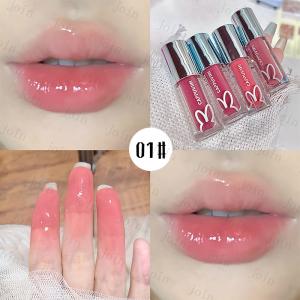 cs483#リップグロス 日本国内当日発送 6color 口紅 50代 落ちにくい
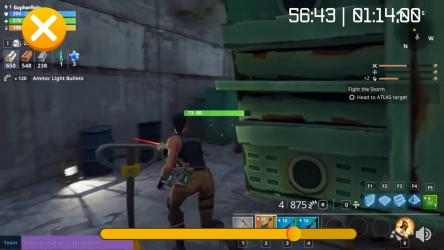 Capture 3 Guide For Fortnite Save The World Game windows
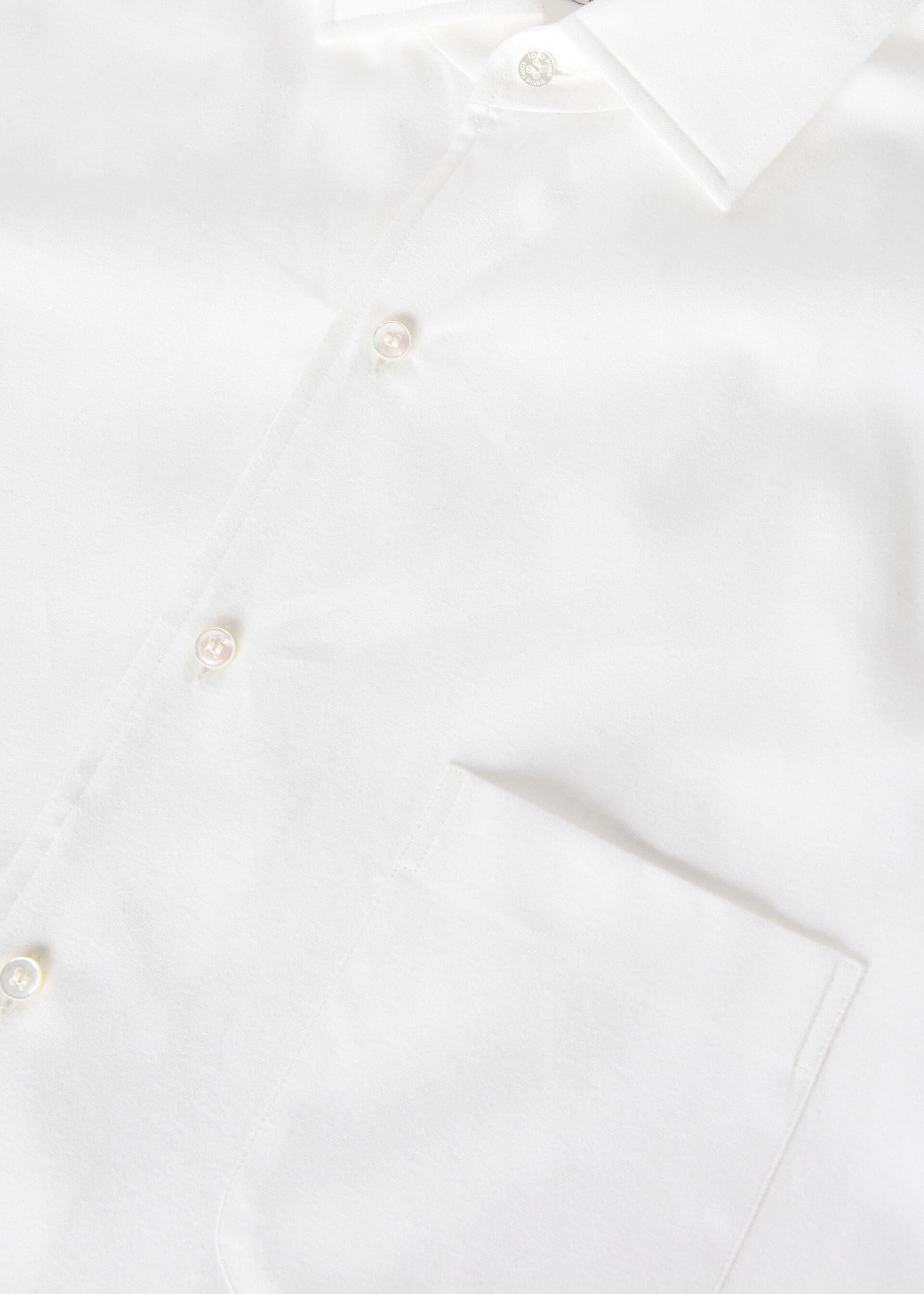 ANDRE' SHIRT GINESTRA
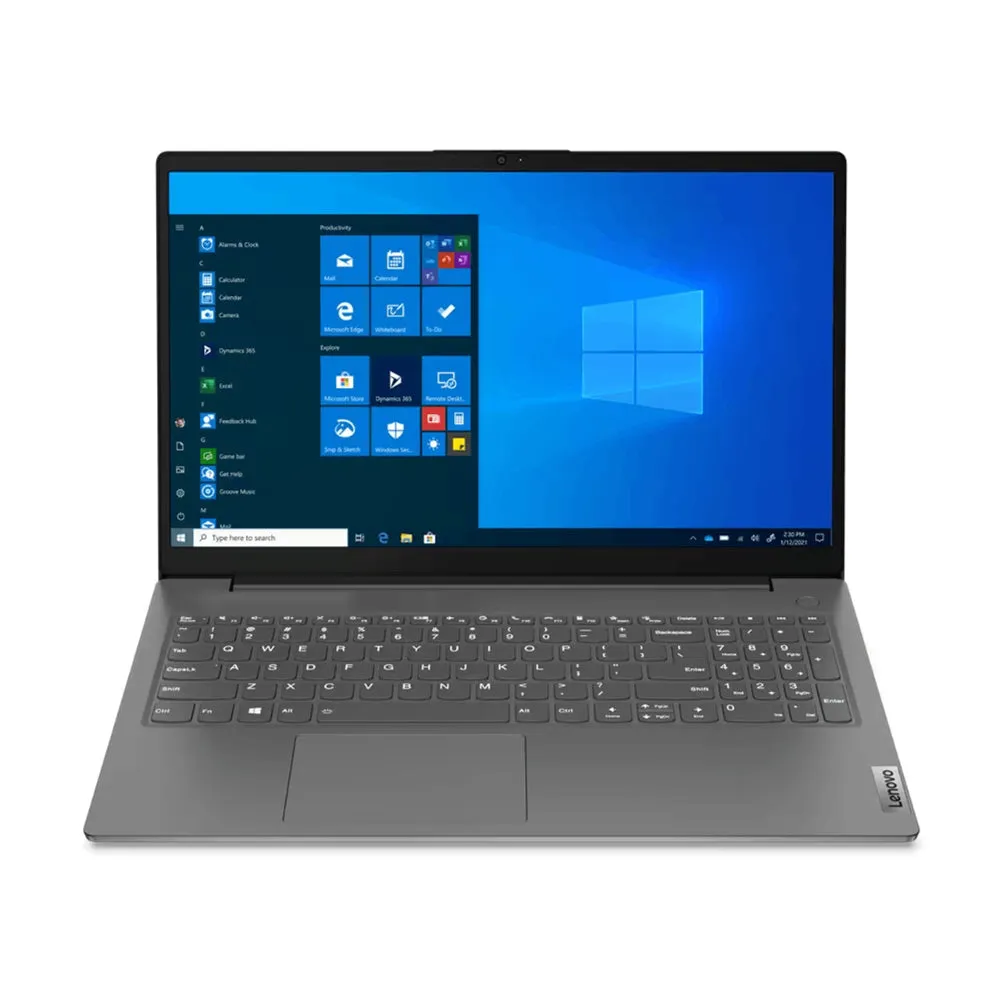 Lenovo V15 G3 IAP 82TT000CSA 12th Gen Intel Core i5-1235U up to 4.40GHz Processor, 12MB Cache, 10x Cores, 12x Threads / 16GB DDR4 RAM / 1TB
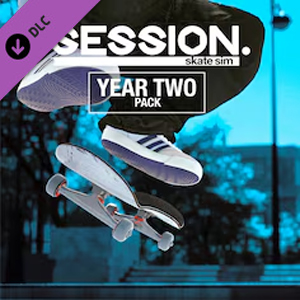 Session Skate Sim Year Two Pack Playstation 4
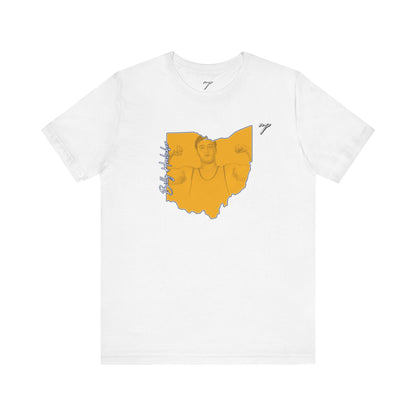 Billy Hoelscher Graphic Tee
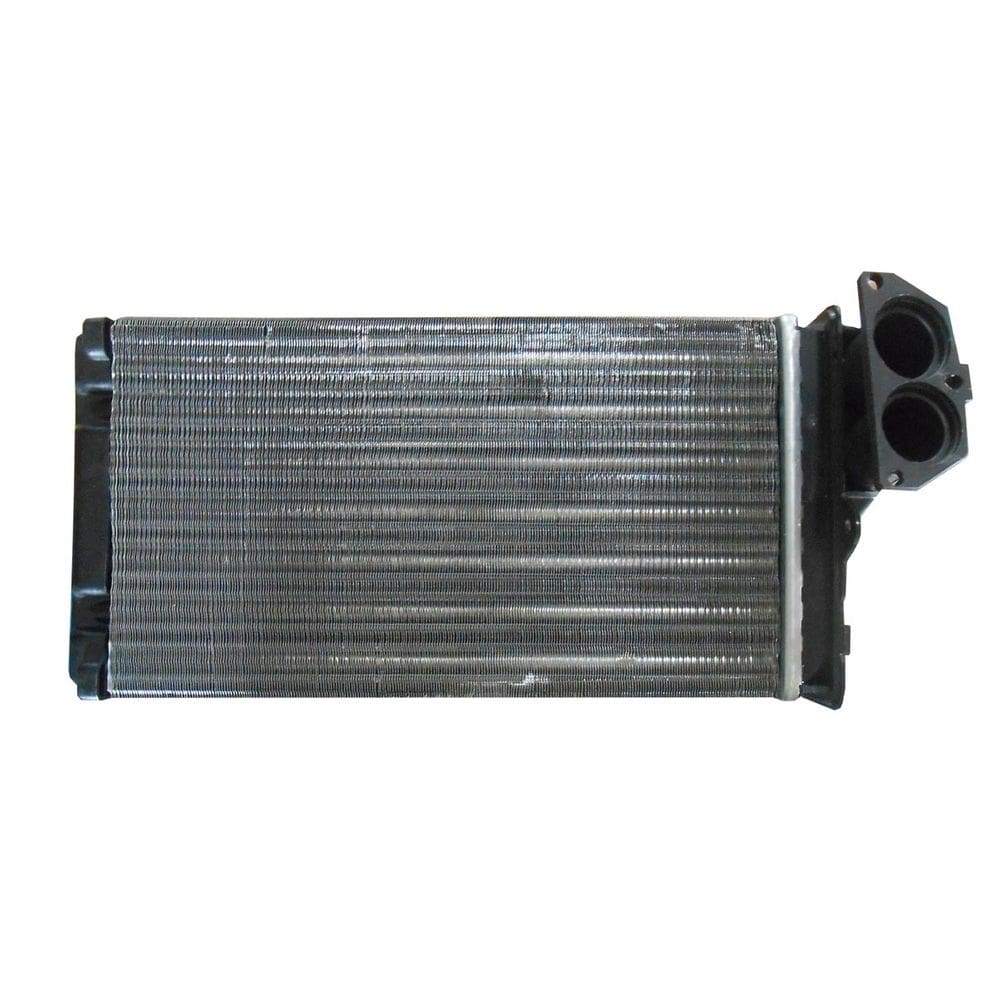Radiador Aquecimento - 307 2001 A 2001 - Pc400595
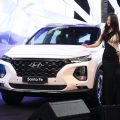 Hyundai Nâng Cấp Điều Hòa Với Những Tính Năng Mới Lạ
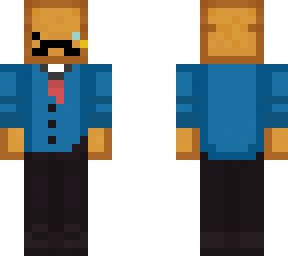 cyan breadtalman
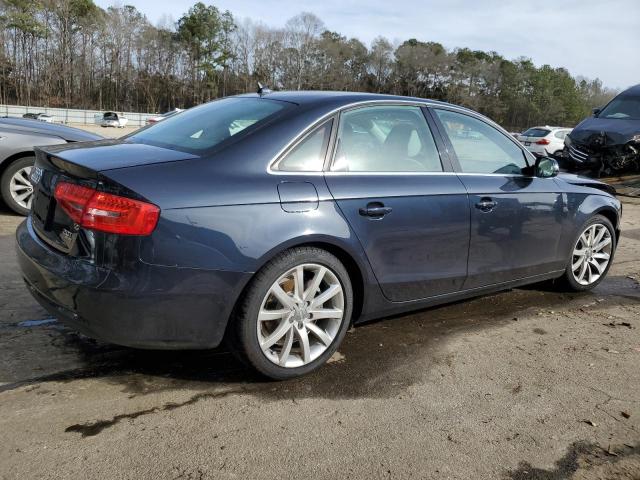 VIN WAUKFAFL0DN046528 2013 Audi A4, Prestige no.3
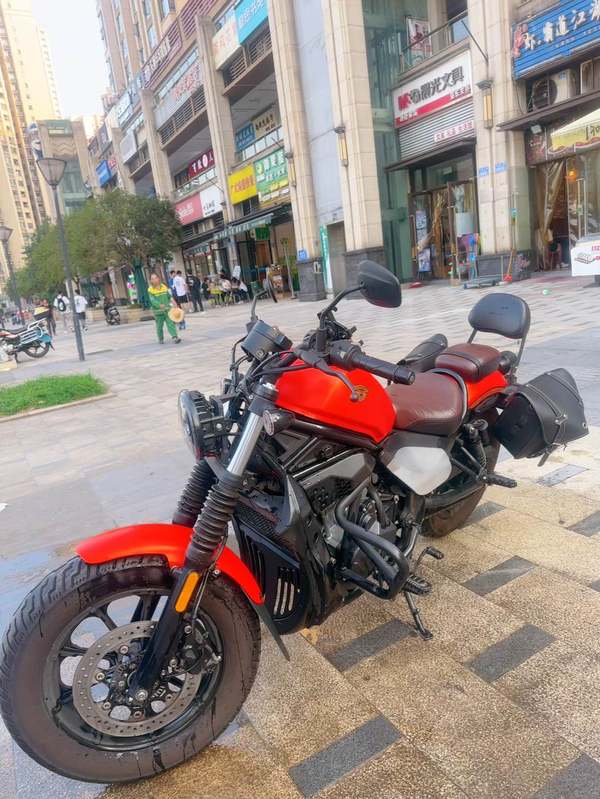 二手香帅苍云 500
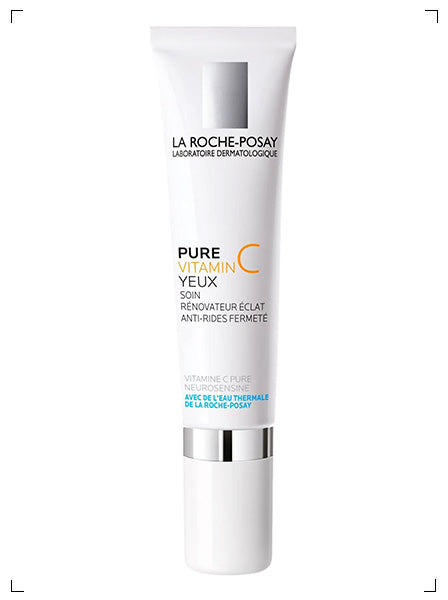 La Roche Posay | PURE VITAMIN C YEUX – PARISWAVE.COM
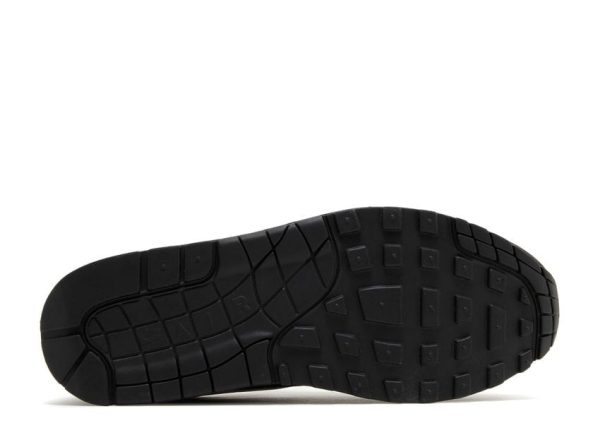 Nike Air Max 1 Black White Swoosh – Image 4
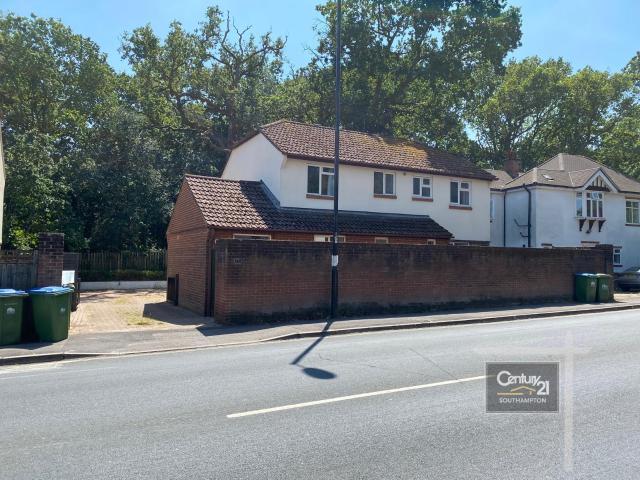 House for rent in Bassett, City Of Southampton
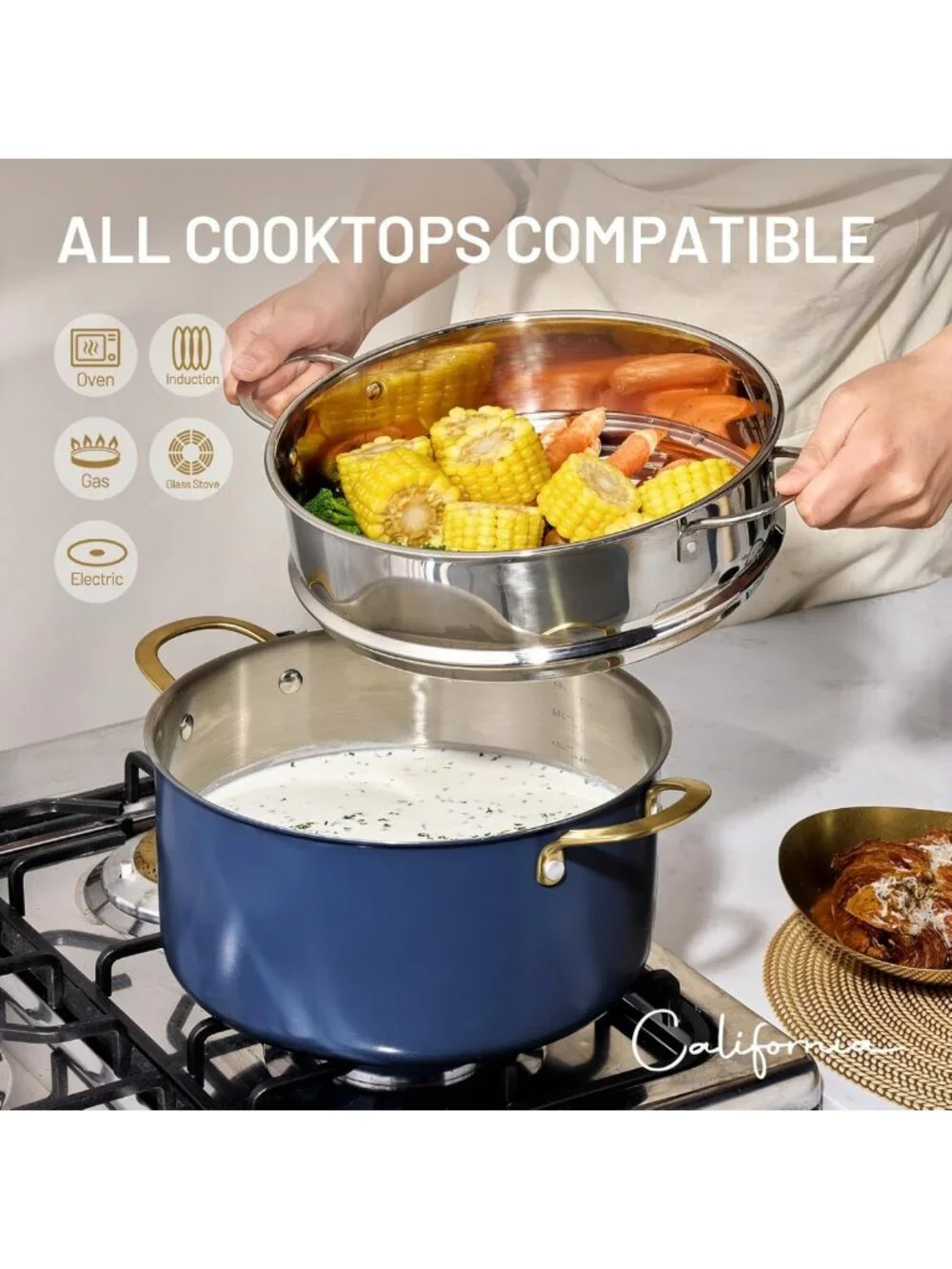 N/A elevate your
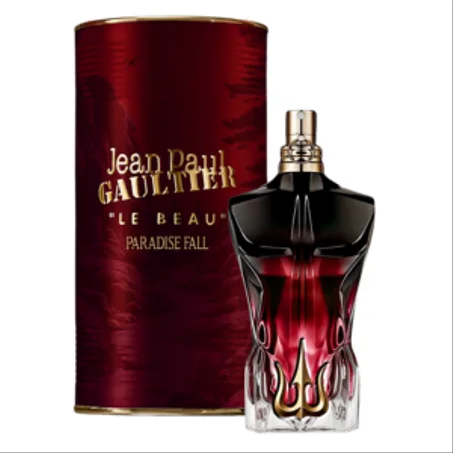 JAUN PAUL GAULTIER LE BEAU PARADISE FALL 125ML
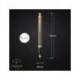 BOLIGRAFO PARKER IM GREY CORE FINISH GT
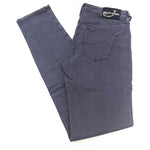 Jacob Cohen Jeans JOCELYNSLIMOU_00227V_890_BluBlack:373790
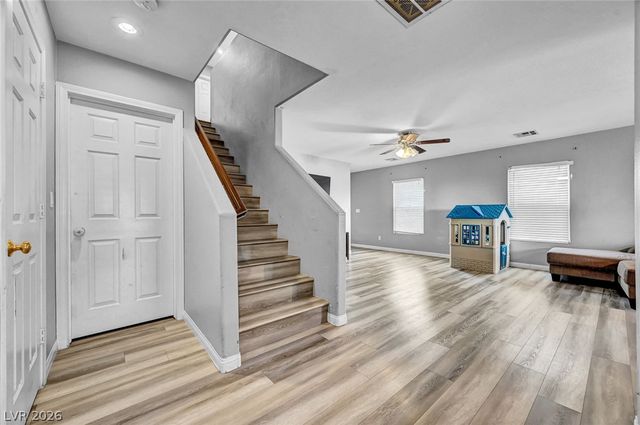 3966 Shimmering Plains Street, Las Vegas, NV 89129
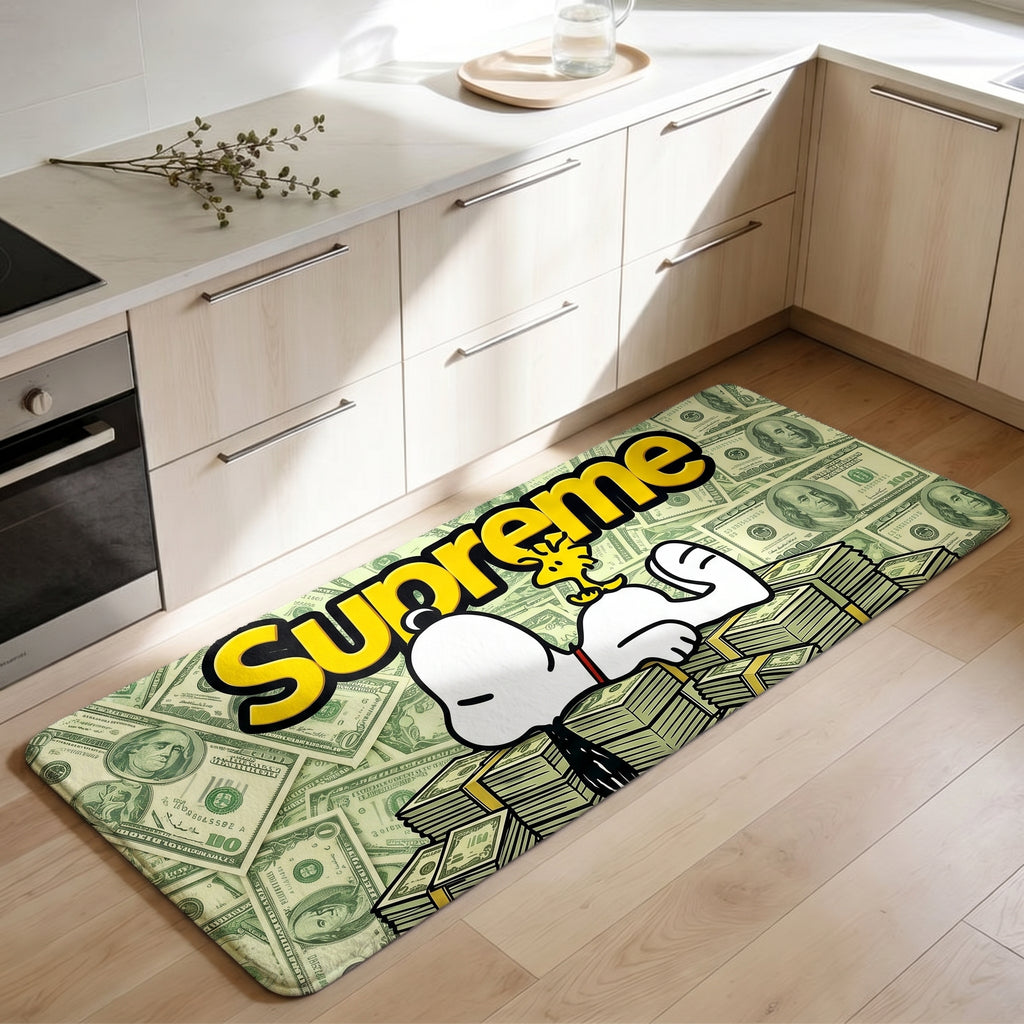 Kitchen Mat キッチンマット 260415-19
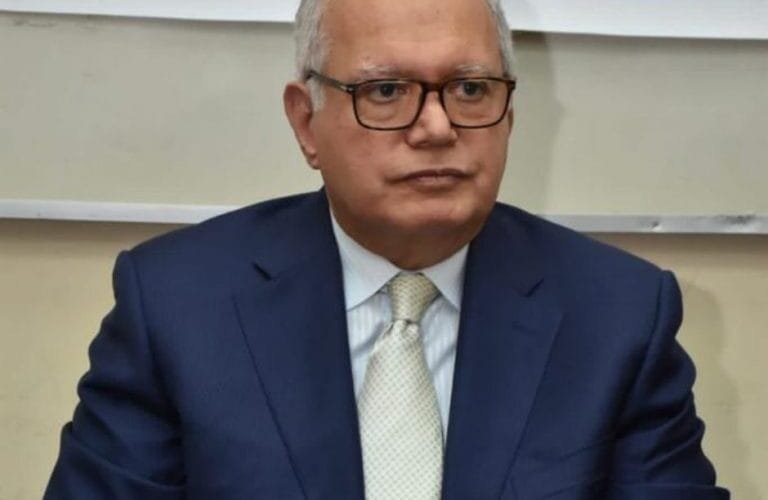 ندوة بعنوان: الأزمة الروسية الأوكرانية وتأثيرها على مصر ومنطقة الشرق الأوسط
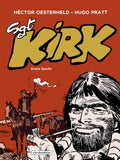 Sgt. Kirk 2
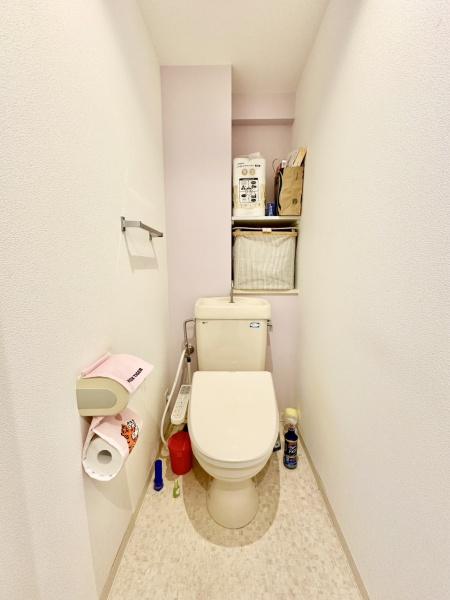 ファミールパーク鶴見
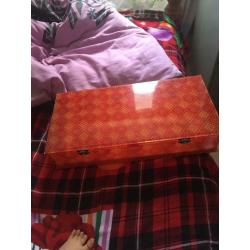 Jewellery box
===============
Required action:
Please print exactly the lines from the one holding "Billy Hoelscher Graphic Tee" through the final line of the data above, including both, and skip all pictures.

Response for this exercise:
 Billy Hoelscher Graphic Tee
Radiador Aquecimento - 307 2001 A 2001 - Pc400595
 Hyundai Nâng Cấp Điều Hòa Với Những Tính Năng Mới Lạ
 cyan breadtalman
 VIN WAUKFAFL0DN046528 2013 Audi A4, Prestige no.3
 二手香帅苍云 500
 La Roche Posay | PURE VITAMIN C YEUX – PARISWAVE.COM
 Nike Air Max 1 Black White Swoosh – Image 4
 House for rent in Bassett, City Of Southampton
 N/A elevate your
 JAUN PAUL GAULTIER LE BEAU PARADISE FALL 125ML
 BOLIGRAFO PARKER IM GREY CORE FINISH GT
 Jacob Cohen Jeans JOCELYNSLIMOU_00227V_890_BluBlack:373790
 3966 Shimmering Plains Street, Las Vegas, NV 89129
 Kitchen Mat キッチンマット 260415-19
 ندوة بعنوان: الأزمة الروسية الأوكرانية وتأثيرها على مصر ومنطقة الشرق الأوسط
 Sgt. Kirk 2
 ファミールパーク鶴見
 Jewellery box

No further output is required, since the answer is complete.